WHAT IS NEEDED: Take from the entries below the stretch from the line with "New 2025 GMC" through the line with "14.09.2025 - Stadtparktriathlon", and return it exactly, leaving the pictures out.

DATASET RECORDS:
━━━━━━━━━━━━━━━━━━━━

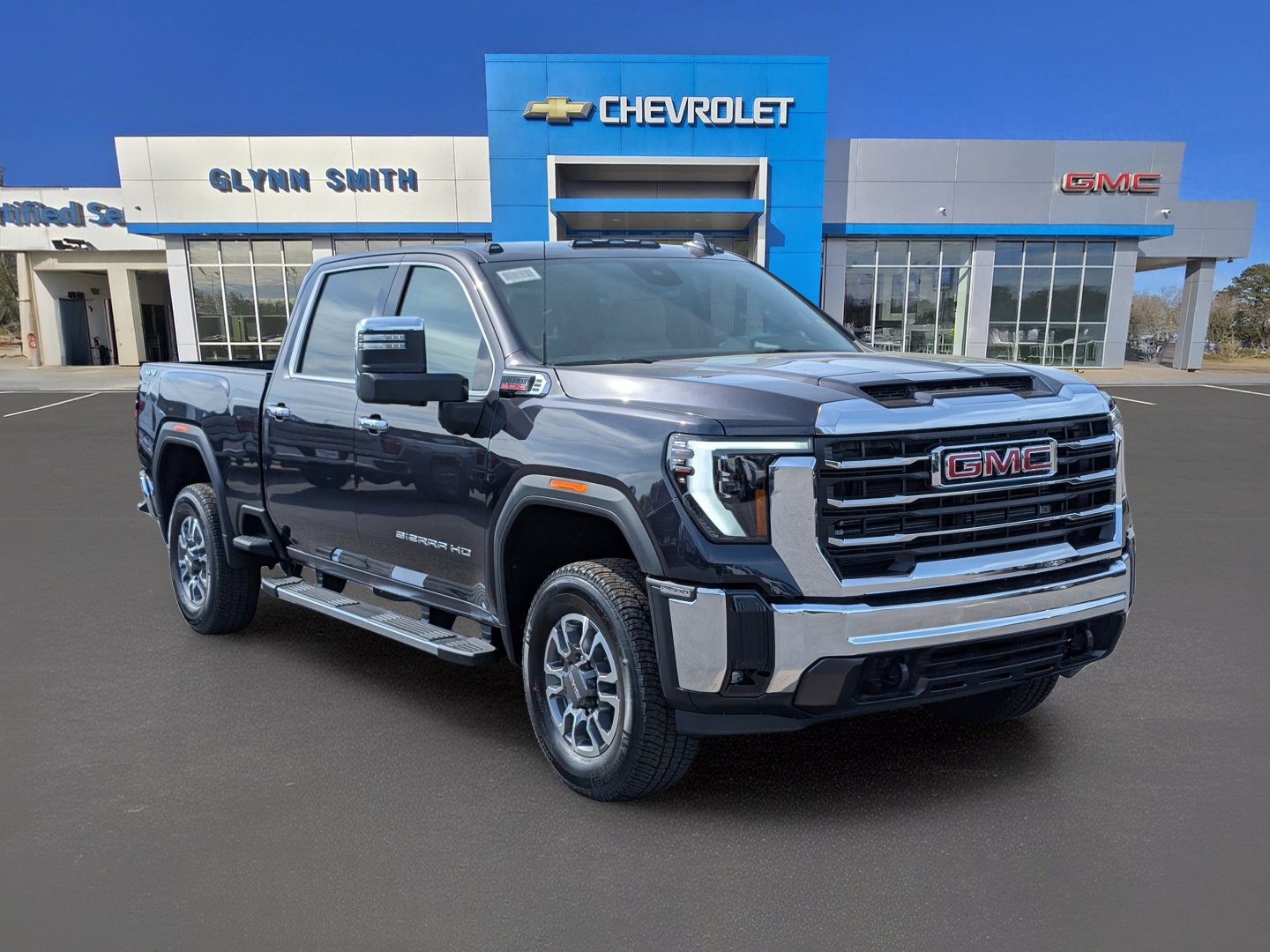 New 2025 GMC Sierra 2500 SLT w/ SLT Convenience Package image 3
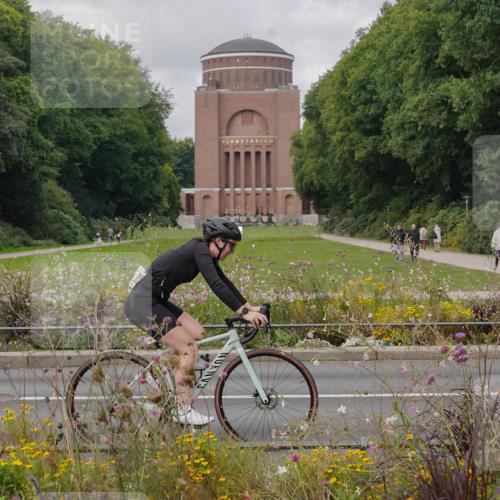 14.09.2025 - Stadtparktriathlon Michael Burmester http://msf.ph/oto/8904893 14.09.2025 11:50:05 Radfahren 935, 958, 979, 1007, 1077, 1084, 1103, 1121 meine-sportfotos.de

━━━━━━━━━━━━━━━━━━━━

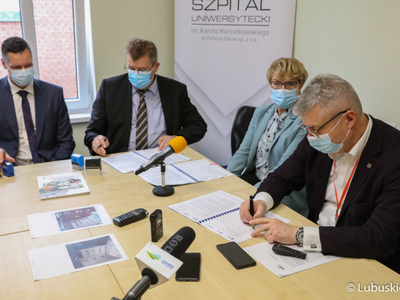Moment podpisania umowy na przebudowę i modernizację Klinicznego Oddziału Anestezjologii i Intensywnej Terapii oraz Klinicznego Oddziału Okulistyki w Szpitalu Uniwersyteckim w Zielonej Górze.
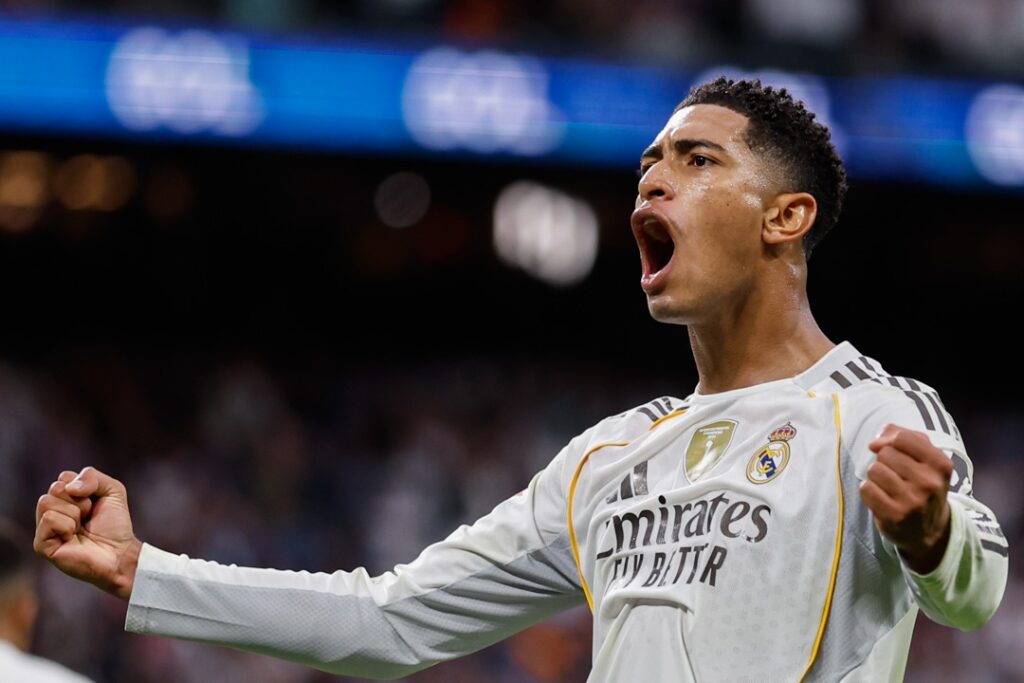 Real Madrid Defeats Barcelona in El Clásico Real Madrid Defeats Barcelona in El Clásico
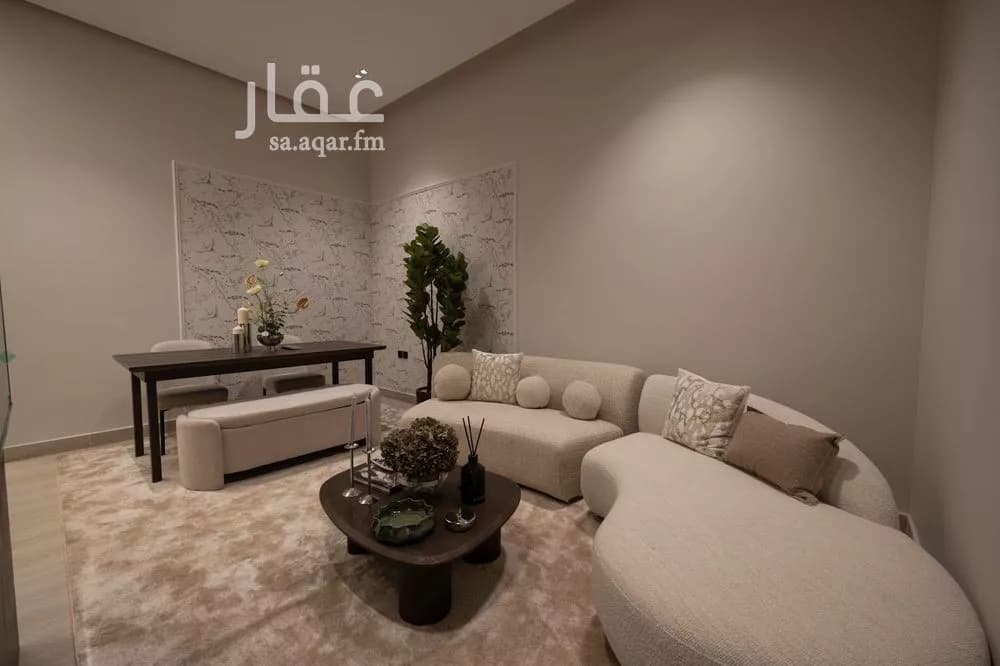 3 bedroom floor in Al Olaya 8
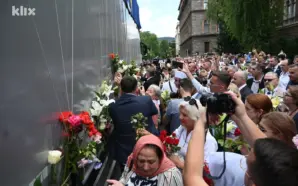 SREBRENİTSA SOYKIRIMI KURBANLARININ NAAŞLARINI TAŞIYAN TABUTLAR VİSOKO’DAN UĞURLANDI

━━━━━━━━━━━━━━━━━━━━

EXERCISE ANSWER:
 New 2025 GMC Sierra 2500 SLT w/ SLT Convenience Package image 3
 14.09.2025 - Stadtparktriathlon Michael Burmester http://msf.ph/oto/8904893 14.09.2025 11:50:05 Radfahren 935, 958, 979, 1007, 1077, 1084, 1103, 1121 meine-sportfotos.de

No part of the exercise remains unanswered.